> [GIVEN RECORDS]
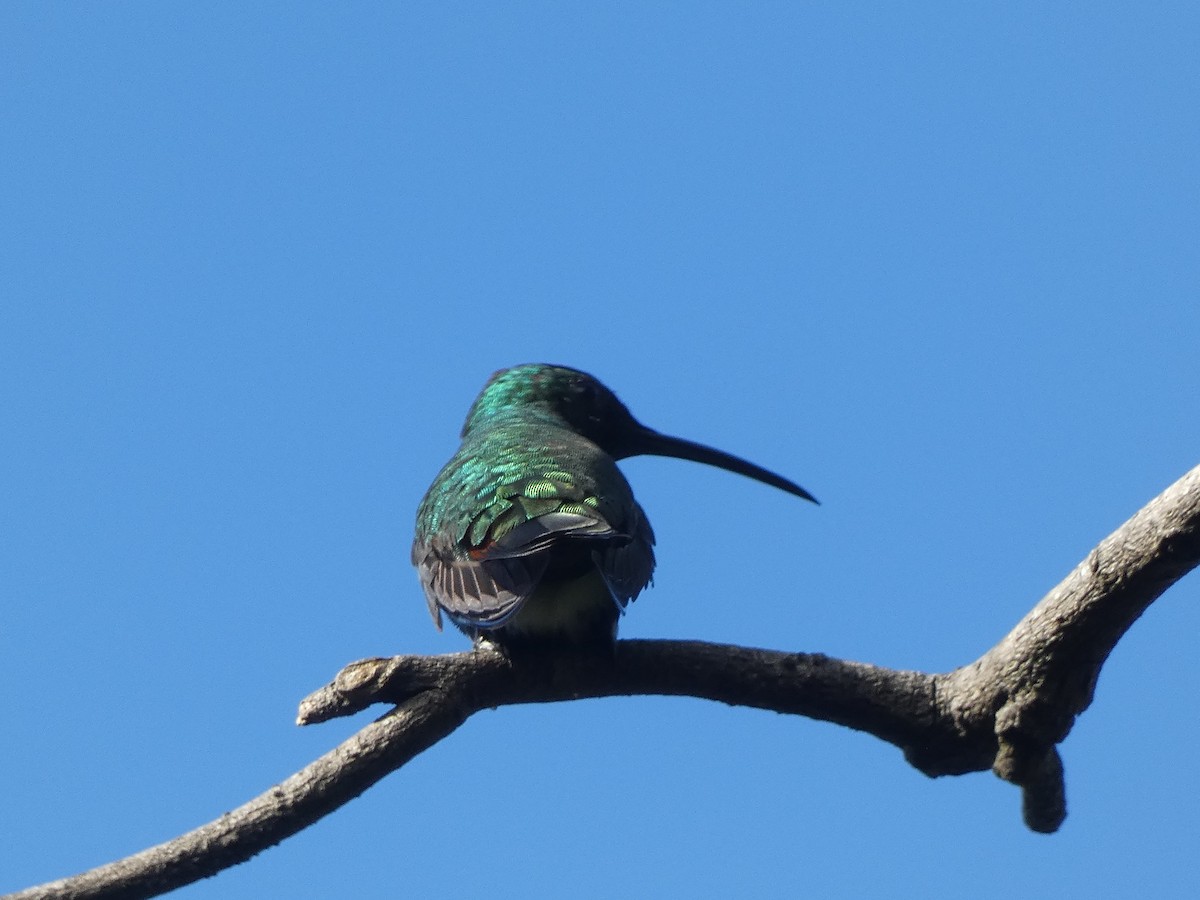 Green-breasted Mango - ML643575837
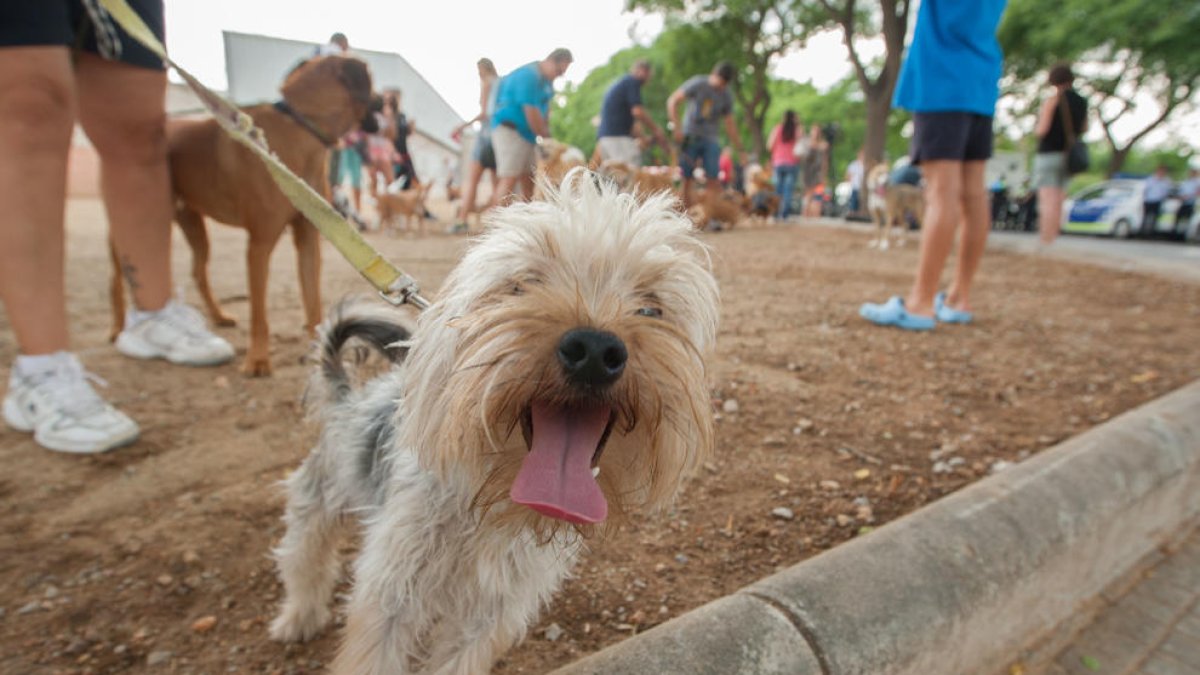 Los propietarios de perros, a favor que se sancionen las conductas incívicas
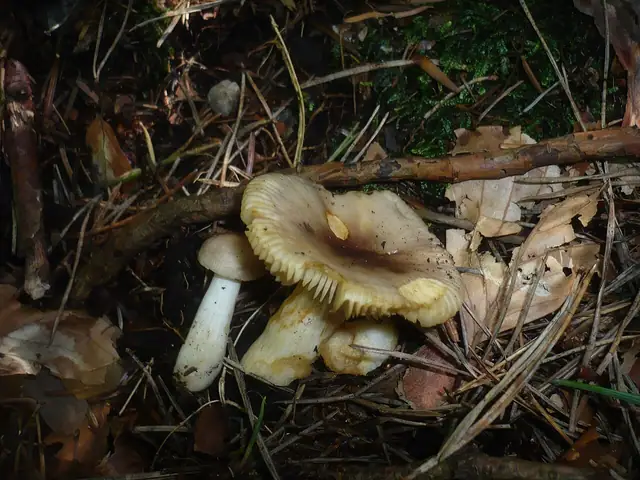 Gołąbek skromny (Russula puellaris)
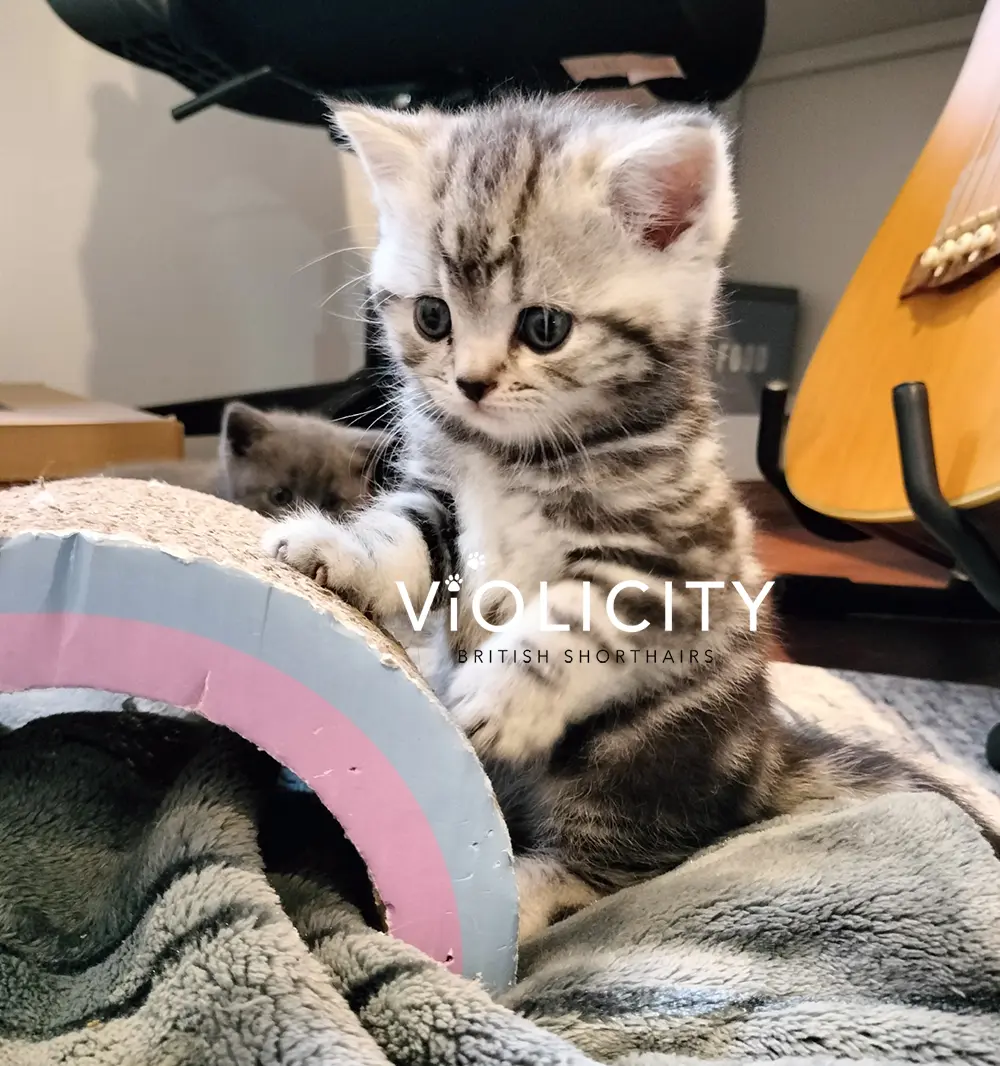 British Shorthair Breeder Melbourne - Available Kitten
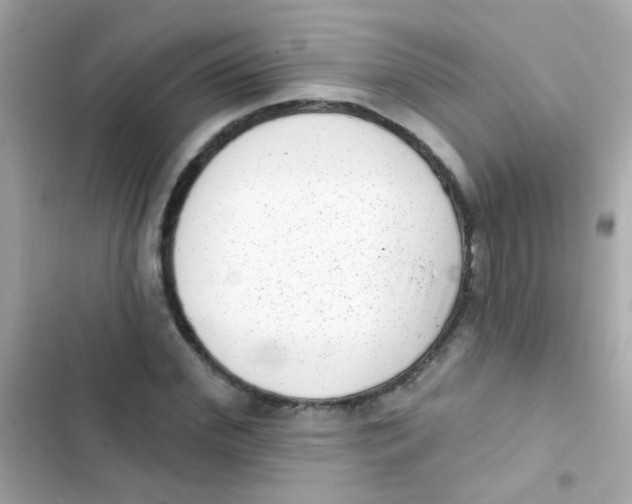 X0000103150972200809192025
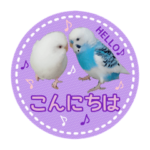 チコリンちゃんねる2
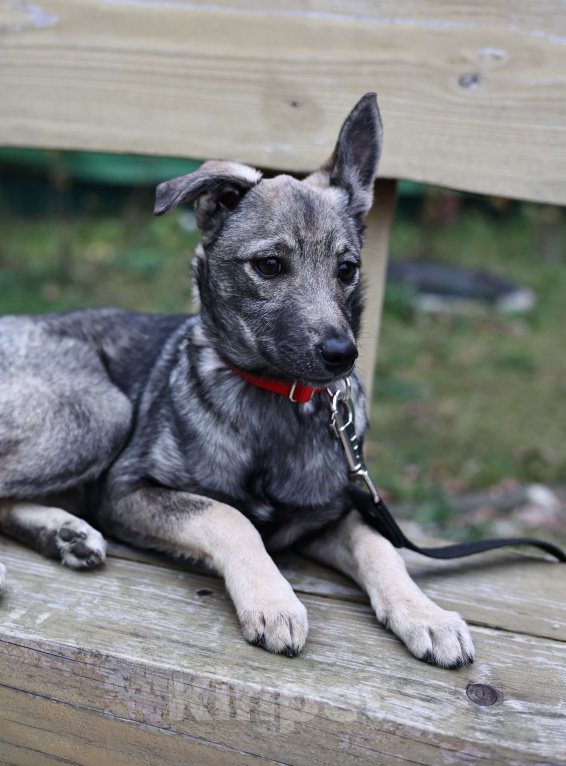 Собаки в Москве: Щенки бесплатно в Москве Девочка, Бесплатно - фото 6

> [WHAT THIS TASK INVOLVES] Write out a verbatim copy of the lines from the line that contains "X0000103150972200809192025" through the end of the entries above; pictures are not copied.

> [COMPLETED TASK]
 X0000103150972200809192025
 チコリンちゃんねる2
 Собаки в Москве: Щенки бесплатно в Москве Девочка, Бесплатно - фото 6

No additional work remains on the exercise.